The other problem with the report is that they use graphs and don't show the actual numbers, and they use scales that make the tape numbers look really small.  You can see how difficult it is to figure out the actual numbers for tape.  It is, easy, however, to figure out the cost numbers for disk and then divide them by the multiplier shown in the graph.

The disk number for the first three-year period looks to be about $2600, which is said to be 9x the price of tape.  I divide that $2600 by 9 and I get $288/TB for that 3 year period, which matches up with the line for tape on the graph. Divide it by 3 and we get $96/TB per year.  The disk cost of the second period is $1250/TB. Divide it by15x and you get $83/TB for that 3 year period; divide that by 3 to get $27/TB per year.  If I average those two together, I get $61/TB per year.  Since Amazon Glacier stores your data in multiple locations, we'll need two copies, so the cost is $122/TB per year for two copies.  Since Jack Clark used 10 PB for five years, we'll multiply this by 10,000 to get to 10 PB, then by five to get to five years.  This gives us a cost of $6,100,000 for to store 10 PB on tape for five years, based on the numbers from the Clipper Group study.

Crossroads Report

Let's look at a more recent report that compares a relatively new idea of using a disk front end to LTFS-based tape.  The first fully-baked system of this type is from Crossroads, and they just happen to have created a TCO study that compares the cost of storing 2PB on their system (a combination of disk and tape) vs storing it on disk for ten years.  Awesome! Their 10-year cost for this is $1.64M.  Divide 2PB by 2000 gives us 1TB, then dividing the 10 year cost by 10 gives us the cost of $80/TB for one year.  Double it like we did the last number, and we have $160/TB/yr for two copies. Mutiply it by 10,000 (10 PB) and then again by five (five years) gives us a cost of $8M for 10 PB for five years based on the Crossroads Report.

On a side note, the Crossroads Strongbox system has the ability to replicate backups between two locations using their disk front end.  This makes this system a lot more like what Amazon is offering with their Glacier service.  (As opposed to traditional use of tape like the Clipper Group report was based on, where you'd also have to pay for someone like Iron Mountain to move tapes around as well.)

Net net

According to two TCO studies, storing two copies of 10 PB of data on tape for five years costs the same or more than it costs to store that same data on Amazon's Glacier.

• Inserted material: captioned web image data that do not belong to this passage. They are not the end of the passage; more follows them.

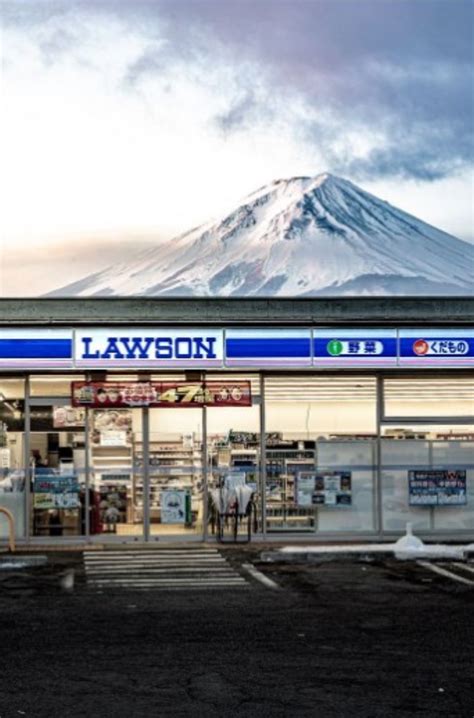 富士山ローソンどこ？なぜ目隠し黒幕？外国人の迷惑行為がやばい【画像写真特定】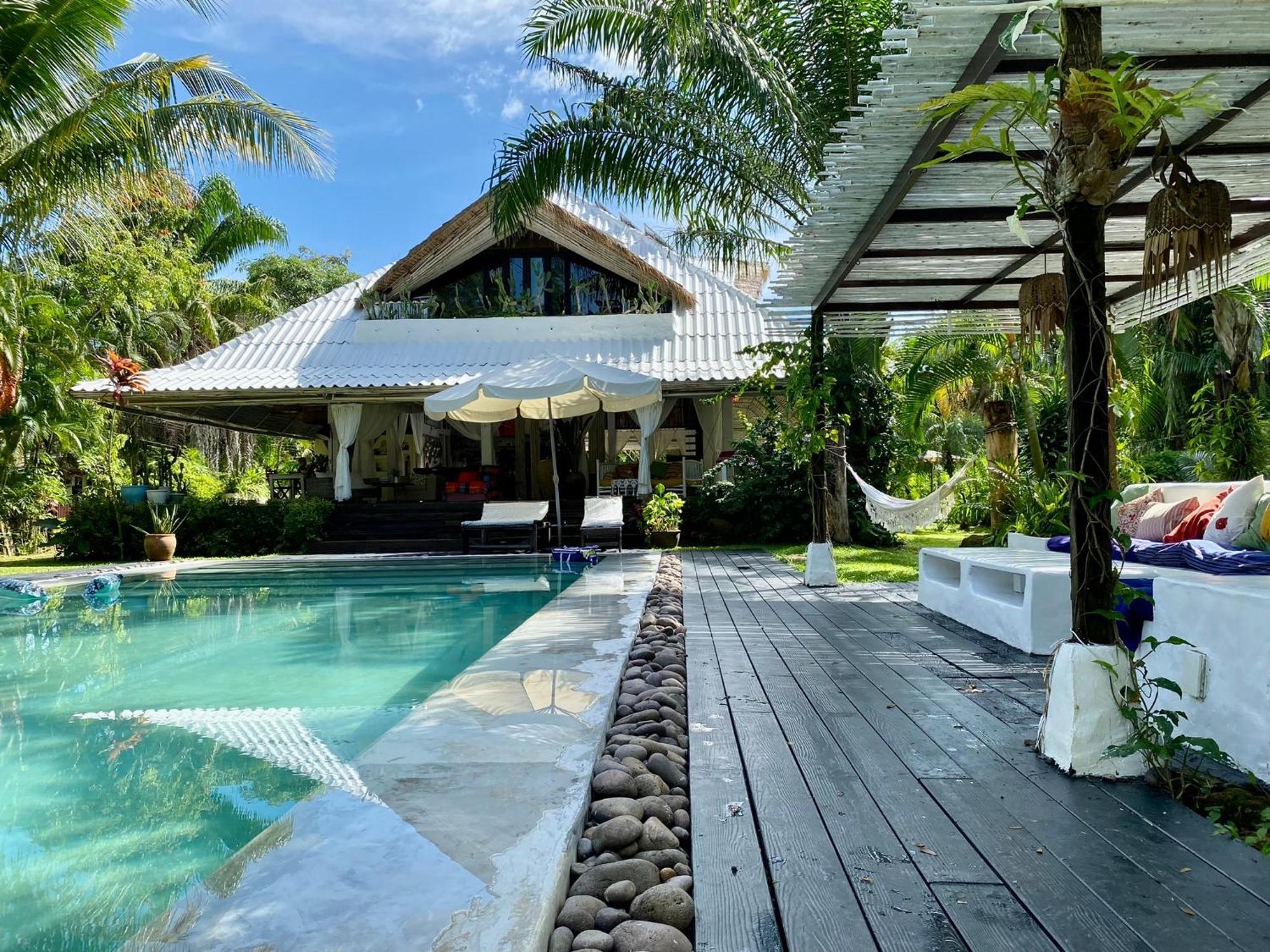 Maddekehaoo Eco Mansion Bed & Breakfast Koh Chang Exterior foto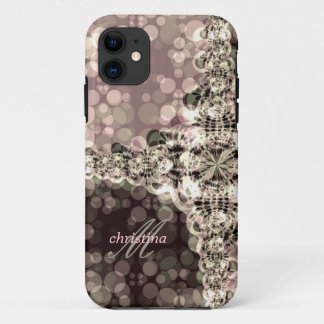 Soft Bubble Dreams Lac Fractals Custom iPhone 5 11 Case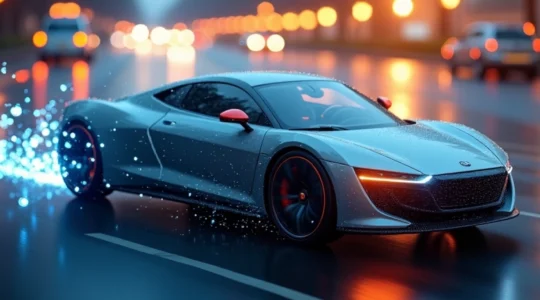 las tecnologías del automóvil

And you don't have to buy everything up front and you only pay for what you use.  You don't have to plan for anything but bandwidth.  Yes, this will only work for data whose usage pattern matches what they offer, but they sure have made it cheap — and you don't have to manage it!

Not bad.

 

Continue reading

Amazon Glacier changes the game

In case you missed it, Amazon just announced a new storage cloud service called Glacier.  It's designed as a target for archive and backup data at a cost of $.01/GB/mth.  That's right, one penny per month per GB.  I think my first tweet on this sums up my feelings on this matter: "Amazon glacier announcement today. 1c/GB per month for backup archive type data. Wow. Seriously."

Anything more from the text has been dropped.